Chinese state media has not reported the interview. But on its website, the International Olympic Committee released a statement and photos of the call. It did not release a complete video, nor did it explain the virtual meeting, including how to arrange it.
It seems that IOC officials have left the meeting-at least publicly-and concluded that Peng has no problems.
Emma Teho, chairman of the IOC Athletes Committee, said: “I am very pleased to see Peng Shuai behaving well. This is our biggest concern.” She took part in a video call with Chinese sports official Li Lingwei.

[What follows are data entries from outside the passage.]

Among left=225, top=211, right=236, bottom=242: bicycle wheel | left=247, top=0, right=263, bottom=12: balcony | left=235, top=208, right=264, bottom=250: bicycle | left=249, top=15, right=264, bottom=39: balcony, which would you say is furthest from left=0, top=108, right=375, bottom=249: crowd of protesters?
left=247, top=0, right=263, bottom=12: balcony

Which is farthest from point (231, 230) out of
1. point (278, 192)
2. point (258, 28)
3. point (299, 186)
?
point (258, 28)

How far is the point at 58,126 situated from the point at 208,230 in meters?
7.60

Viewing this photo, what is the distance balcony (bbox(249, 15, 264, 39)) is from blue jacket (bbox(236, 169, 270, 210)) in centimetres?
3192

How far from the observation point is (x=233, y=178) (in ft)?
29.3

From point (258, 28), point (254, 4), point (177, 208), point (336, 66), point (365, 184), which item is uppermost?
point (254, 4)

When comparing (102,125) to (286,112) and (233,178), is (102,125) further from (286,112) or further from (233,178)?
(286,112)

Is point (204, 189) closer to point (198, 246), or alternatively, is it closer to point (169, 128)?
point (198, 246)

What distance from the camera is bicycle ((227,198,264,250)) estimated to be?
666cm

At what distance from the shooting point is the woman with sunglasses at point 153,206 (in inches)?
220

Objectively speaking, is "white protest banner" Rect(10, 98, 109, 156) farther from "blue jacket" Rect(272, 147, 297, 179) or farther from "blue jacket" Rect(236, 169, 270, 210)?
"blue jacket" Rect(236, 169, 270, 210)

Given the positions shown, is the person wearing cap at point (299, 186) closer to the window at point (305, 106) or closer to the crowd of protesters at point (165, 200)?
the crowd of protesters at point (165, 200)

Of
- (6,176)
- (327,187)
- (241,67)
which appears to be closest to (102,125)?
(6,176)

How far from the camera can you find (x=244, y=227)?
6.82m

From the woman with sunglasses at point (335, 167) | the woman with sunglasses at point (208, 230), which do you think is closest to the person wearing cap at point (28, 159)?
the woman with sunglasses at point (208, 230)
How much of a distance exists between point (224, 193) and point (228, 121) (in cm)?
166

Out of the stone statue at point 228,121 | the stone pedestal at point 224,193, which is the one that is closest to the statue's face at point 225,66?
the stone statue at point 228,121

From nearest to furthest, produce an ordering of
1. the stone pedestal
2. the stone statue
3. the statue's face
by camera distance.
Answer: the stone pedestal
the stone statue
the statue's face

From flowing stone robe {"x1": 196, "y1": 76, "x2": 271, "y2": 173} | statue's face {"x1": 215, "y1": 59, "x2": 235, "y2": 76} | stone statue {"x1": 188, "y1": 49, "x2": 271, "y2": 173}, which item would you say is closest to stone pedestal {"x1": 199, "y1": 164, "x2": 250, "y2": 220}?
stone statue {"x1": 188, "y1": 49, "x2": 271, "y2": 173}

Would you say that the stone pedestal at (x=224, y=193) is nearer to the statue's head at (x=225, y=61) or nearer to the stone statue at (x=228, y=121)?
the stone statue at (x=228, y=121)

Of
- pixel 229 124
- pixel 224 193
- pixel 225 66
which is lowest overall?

Analysts said that the IOC quickly concluded on Peng’s current situation and avoided mentioning allegations of sexual assault that sparked the entire controversy. Therefore, the IOC is putting its credibility at risk — and may become An accomplice in Beijing propaganda activities.
Wang from Human Rights Watch said: “The call from the International Olympic Committee will hardly alleviate our concerns about Peng’s well-being or safety.”
“In fact, it begs the question why the IOC seems to be involved in a narrative that is basically controlled by the state, because only the government and its affiliated media are allowed to tell Peng’s story.”